Ekos Scheduler is an indispensable arsenal in building your roboic observatory. A Robotic observatory is an observatory composed of several subsystems that are orchestrated together to achieve a set of scientific objectives without human intervention. It is the only Ekos module that does not require Ekos to be started as it is utlized to start and stop Ekos. It is designed to be straightforward and intuitive. However, the scheduler should only be used after you mastered Ekos and knows all the quirks of your equipment. Since the complete process is automated, including focus, guiding, and meridian flip. All equipment should be thoroughly used with Ekos and all their parameters and settings adjusted to achieve best result.
With Ekos, the user can utilize the powerful sequence queue to image batches of images for a particular target. In simple setups, the user is expected to focus the CCD, align the mount, frame the target, and start guiding before initiating the capture process. For more complex observatory environments, there are usually predefined custom procedures to be executed to prepare the observatory for imaging, and another set of procedures on shutdown. The user may plan to image one or more targets during the night, and expects data to be ready by morning. In KStars, tools such as the Observation Planner and What's up Tonight help the user in selecting candidates for imaging. After selecting the desired candidates, the user can add them to the Ekos Scheduler list for evaluation. The user may also add the targets directly in Ekos scheduler or select a FITS file of a previous image.
Ekos Scheduler provides a simple interface to aid the user in setting the conditions and constraints required for an observation job. Each observation job is composed of the following:
- Target name and coordinates: Select target from the Find Dialog or Add it from Observation Planner. You can also enter a custom name.
- Optional FITS file: If a FITS file is specified, the astrometry solver shall solve the file and use the central RA/DEC as the target coordinates.
- Sequence File: The sequence file is constructed in the Ekos Capture Module. It contains the number of images to capture, filters, temperature settings, prefixes, download directory..etc.
- Priority: Set job priority in the range of 1 to 20 where 1 designates the highest priority and 20 the lowest priority. Priority is applied in calculating the weight used to select the next target to image.
- Profile: Select which equipment profile to utilize when starting Ekos. If Ekos & INDI are already started and online, this selection is ignored.
- Steps: The user selects which Ekos modules should be utilized in the observation job execution workflow.
- Startup Conditions: Conditions that must be met before the observation job is started. Currently, the user may select to start as soon as possible Now, or when the target is near or past culmination, or at a specific time.
- Constraints: Constraints are conditions that must be met at all times during the observation job execution process. These include minimum target altitude, minimum moon separation, twilight observeration, and weather monitoring.
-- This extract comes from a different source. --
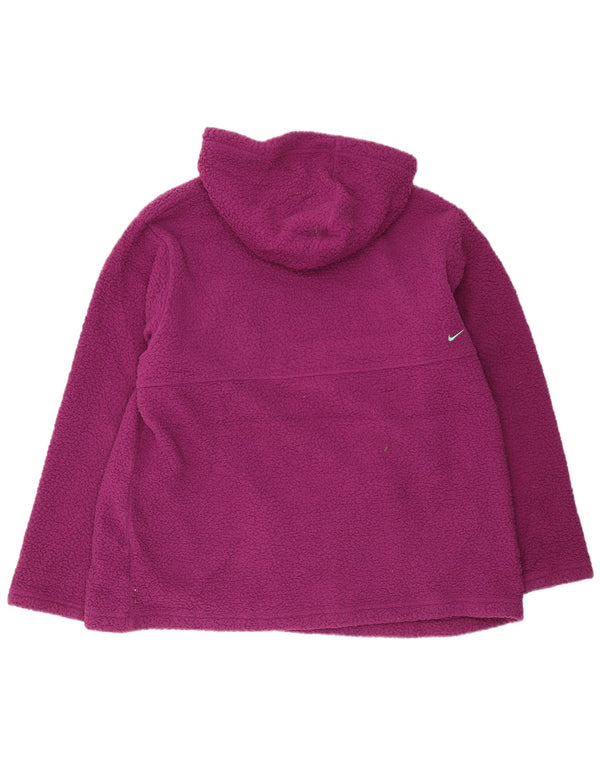 Nike Dame Therma-Fit fleecetrøje med hætte UK 18 XL Lilla polyester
- Completion Conditions: Conditions that trigger completion of the observation job. The default selection is to simply mark the observation job as complete once the sequence process is complete. Additional conditions enable the user to repeat the sequence process indefinitely or up until a specific time.
You must select the Target and Sequence before you can add a job to the Scheduler. When the scheduler starts, it evaluates all jobs in accord to the conditions and constraints specified and attempts to select the best job to execute. Selection of the job depends on a simple heuristic algorithm that scores each job given the conditions and constraints, each of which is weighted accordingly. If two targets have identical conditions and constraints, usually the higher priority target followed by higher altitude target is selected for execution. If no candidates are available at the current time, the scheduler goes into sleep mode and wakes up when the next job is ready for execution.
The description above only tackles the Data Acquisition stage of the observatory workflow. The overall procedure typically utilized in an observatory can be summarized in three primary stages:
- Data Acquisition (including preprocessing and storage)
Startup procedure is unique to each observatory but may include:
- Turning on power to equipment
- Running safety/sanity checks
- Checking weather conditions
- Turning off light
- Fan/Light control
- Unparkig dome
- Unparking mount
Ekos Scheduler only initiates the startup procedure once the startup time for the first observation job is close (default lead time is 5 minutes before startup time). Once the startup procedure is completed successfully, the scheduler picks the observation job target and starts the sequence process. If a startup script is specified, it shall be executed first.
Depending the on the user selection, the typical workflow proceeds as following:
- Slew mount to target. If a FITS file was specified, it first solves the files and slew to the file coordinates.
- Auto-focus target. The autofocus process automatically selects the best star in the frame and runs the autofocus algorithm against it.
- Perform plate solving, sync mount, and slew to target coordinates.
- Perform post-alignment focusing since the frame might have moved during the plate solving process.
- Perform calibration and start auto-guiding: The calibration process automatically selects the best guide star, performs calibration, and starts the autoguide process.
- Load the sequence file in the Capture module and start the imaging process.
Once the observation job is completed successfully, the scheduler selects the next target. If the next target scheduled time is not due yet, the mount is parked until the target is ready. Furthermore, if the next scheduled target is not due for a user-configurable time limit, the scheduler performs a preemptive shutdown to preserve resources and performs the startup procedure again when the target is due.
If an unrecoverable error occurs, the observatory initiates shutdown procedure. If there is a shutdown script, it will be executed last.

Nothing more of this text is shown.